When a motley group of survivors on a liferaft comes across an abandoned German ship, they discover the reason the ship was abandoned and soon wish they’d stayed on the raft. Blood Vessel is a low-budget Second World War horror film directed by Justin Dix. Can it transcend its limitations and satisfy the midnight movie crowd?
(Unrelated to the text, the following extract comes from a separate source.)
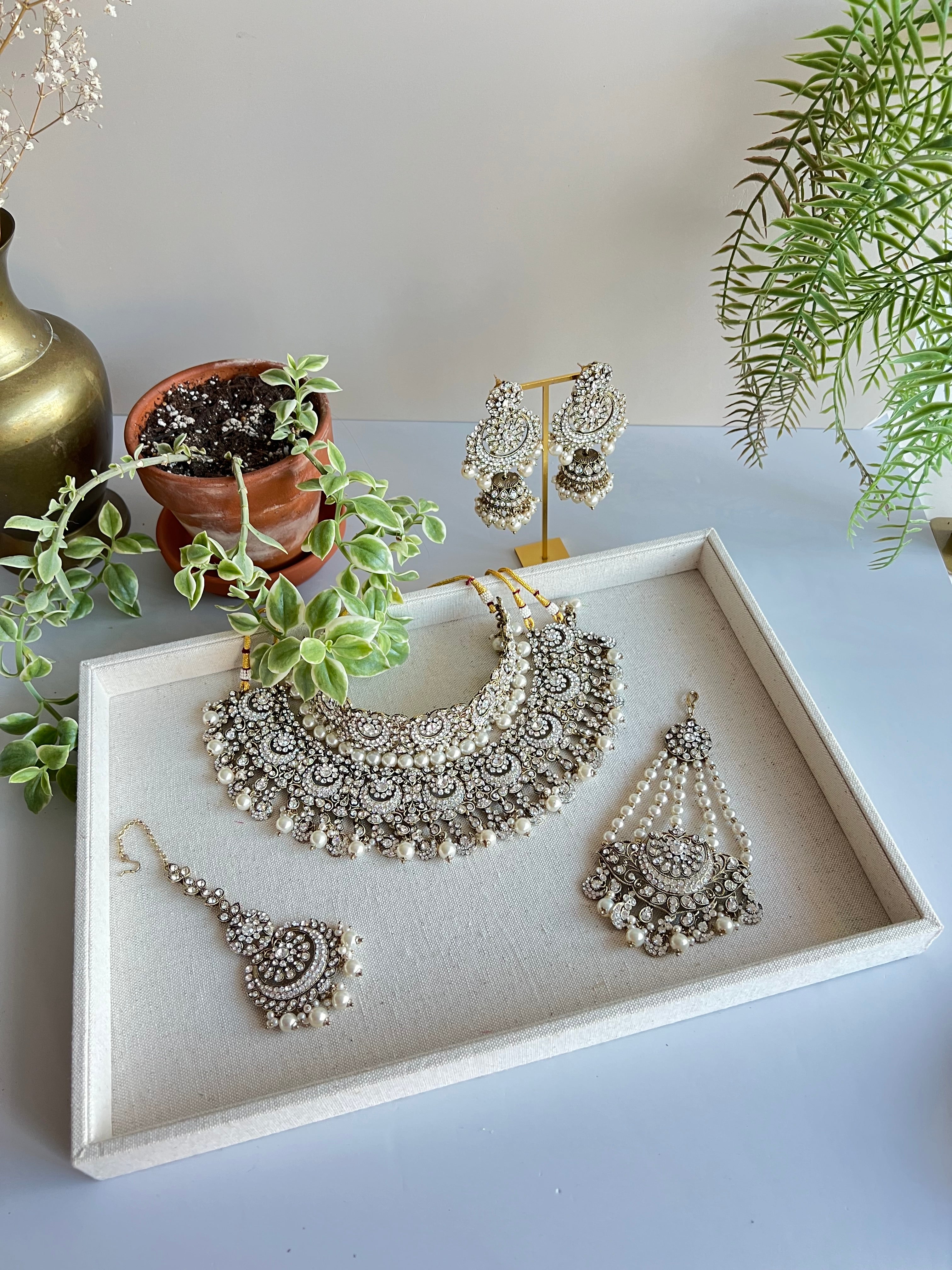 The Zenia necklace set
With a cast of largely Australian actors doing a range of pub-drunk-quality accents ranging from posh English to Boris-the-Russian to chatty Noo-Yawkuh, this film immediately promises a degree of campy amusement that, sadly, it just doesn’t deliver. It is determined to take itself seriously despite its giggle-inducing level of cliche, but sadly, not to the point where it enters the realm of so-bad-it’s-good. Like most horrors, it generates tension by conflict amongst the characters, but its characters are so blank that the conflict is a flatline. It’s really at its weakest, though, when the monster is finally revealed to be a vampire that looks uncannily like one of the Muppets’ Pigs in Space, and the camera spends far too much time lingering on this shoddy prop at Dutch angles. Despite endless Transylvanian signposting, it also fails to establish clear rules for its vampires and makes you wonder how the world isn’t entirely covered in them. There’s also no clear plan for dealing with them, so there’s no protagonist’s struggle to follow. It’s just a series of random vampire-themed events.
Its creature problems aside, Blood Vessel has a degree of visual style that makes you wish it was a better movie. Despite the terrible pun in the title, it’s not arch – it actually seems mostly unaware of what it is, but it’s just not incompetent or silly enough to be funny. It’s not Overlord and it’s not Iron Sky, it’s somewhere in between. Somewhere kind of boring.